- _To do_: Would it be possible to write out each entry below exactly, without the pictures?

....

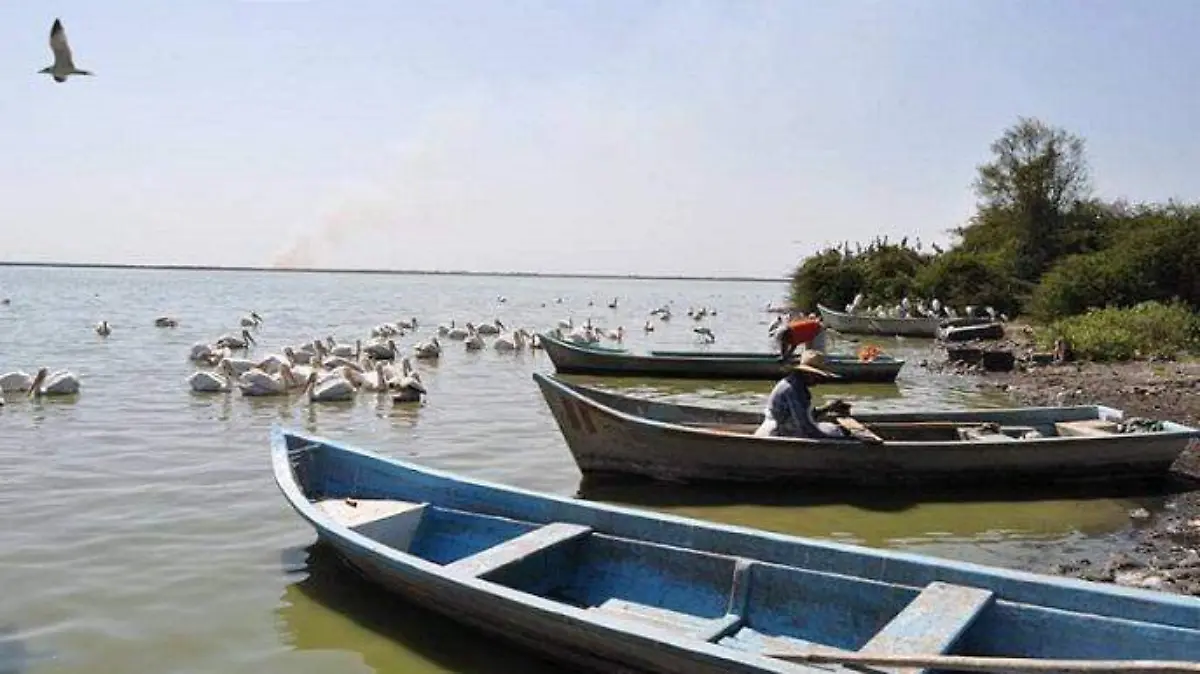 contaminación rio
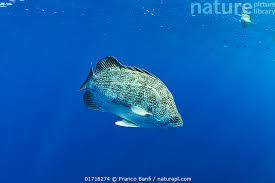 Image result for Lobotes surinamensis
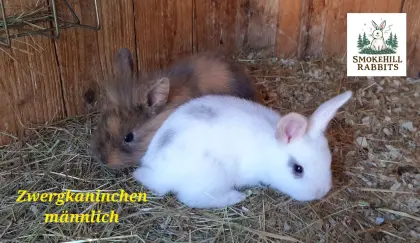 Zwergkaninchen-Jungtiere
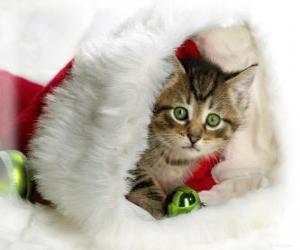 Układanka Kotek w czapkę Świętego Mikołaja
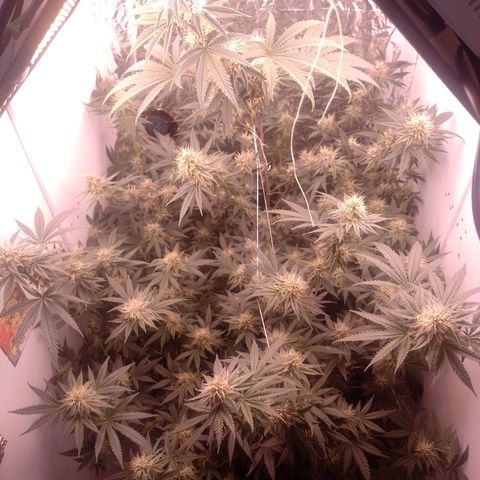 Tyson punch growlog timeline photo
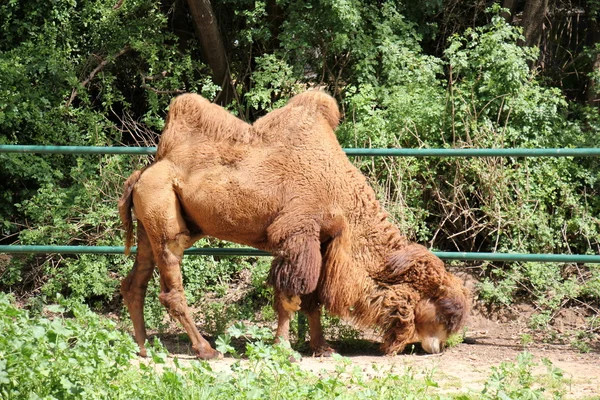 Velbloud žije v Safari — Stock fotografie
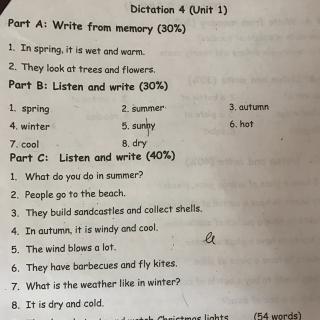 DICTATION4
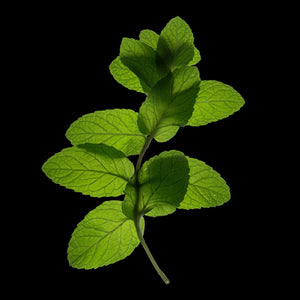 Fragrance Ingredients Image 5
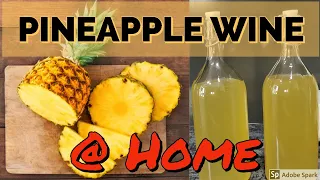 Pineapple Wine Making At Home |  How To Make Pineapple Wine | Easy Pineapple Wine Recipe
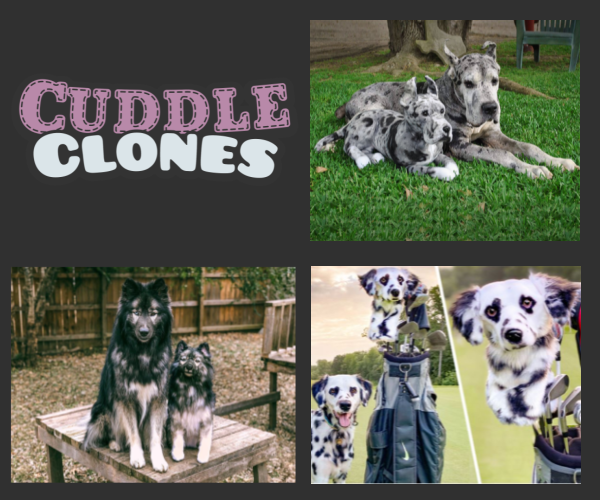 cuddle clones deutsch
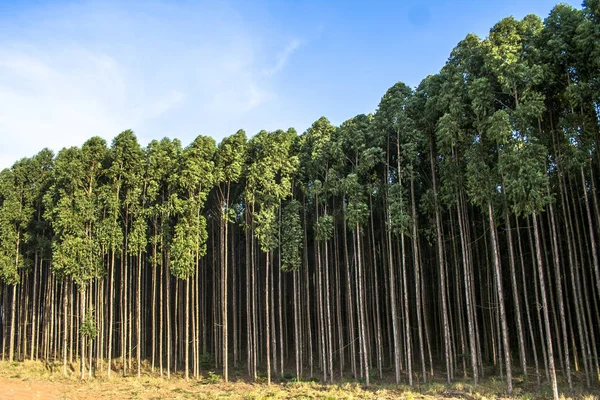 Wald Aus Eukalyptusbäumen Brasilianischen Bundesstaat Sao Paulo — Stockfoto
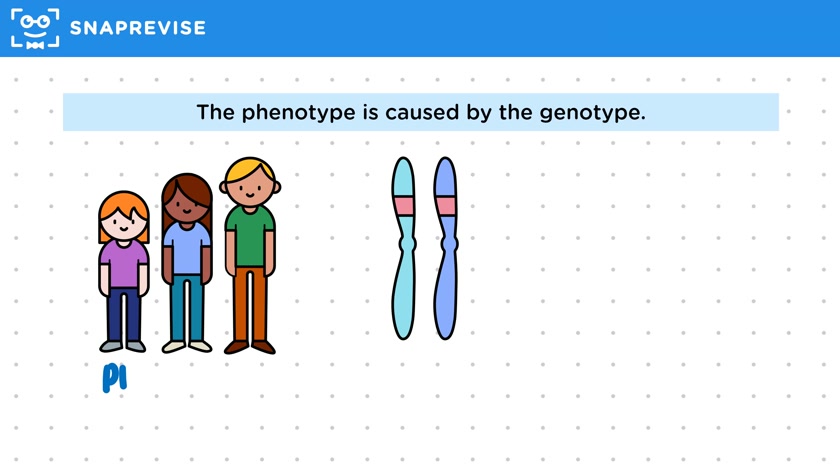 Phenotype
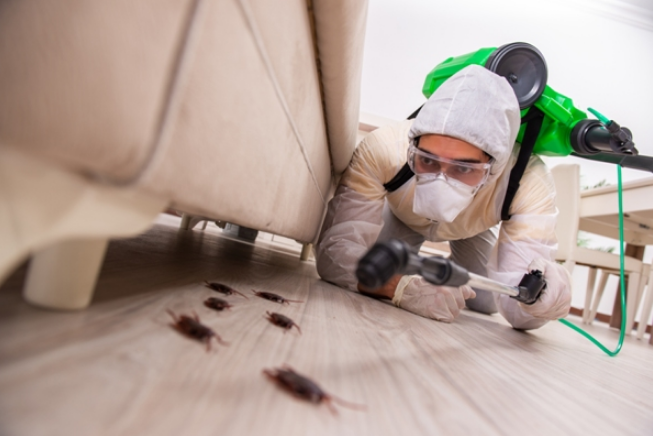 5 Best Pest Control Companies in Indianapolis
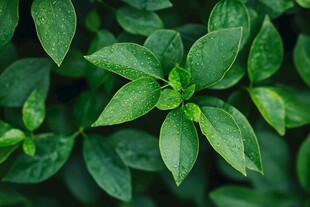 翠绿欲滴的清新叶片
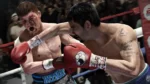 Fight Night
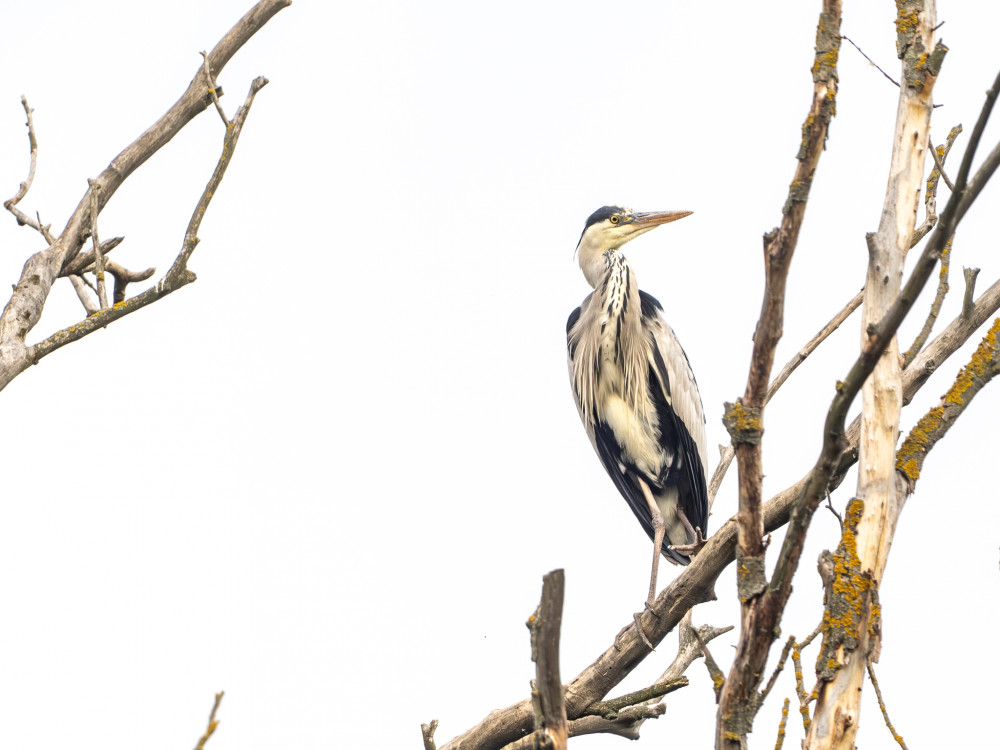 Volavka popolavá (lat. Ardea cinerea)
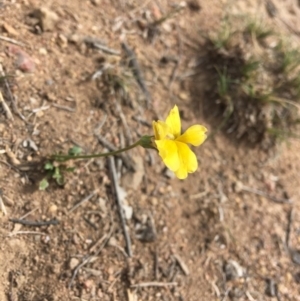 Goodenia pinnatifida at Hughes, ACT - 18 Nov 2018 03:41 PM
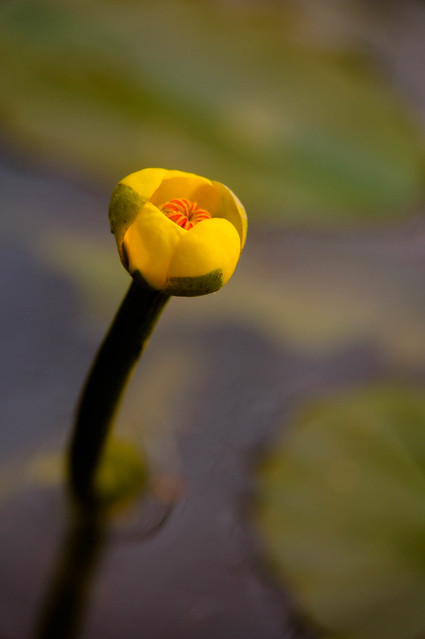 Yellow-Water-Lily-08138.jpg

....

- _Worked solution_:
 contaminación rio
 Image result for Lobotes surinamensis
 Zwergkaninchen-Jungtiere
 Układanka Kotek w czapkę Świętego Mikołaja
 Tyson punch growlog timeline photo
 Velbloud žije v Safari — Stock fotografie
 DICTATION4
 Fragrance Ingredients Image 5
 Pineapple Wine Making At Home |  How To Make Pineapple Wine | Easy Pineapple Wine Recipe
 cuddle clones deutsch
 Wald Aus Eukalyptusbäumen Brasilianischen Bundesstaat Sao Paulo — Stockfoto
 Phenotype
 5 Best Pest Control Companies in Indianapolis
 翠绿欲滴的清新叶片
 Fight Night
 Volavka popolavá (lat. Ardea cinerea)
 Goodenia pinnatifida at Hughes, ACT - 18 Nov 2018 03:41 PM
 Yellow-Water-Lily-08138.jpg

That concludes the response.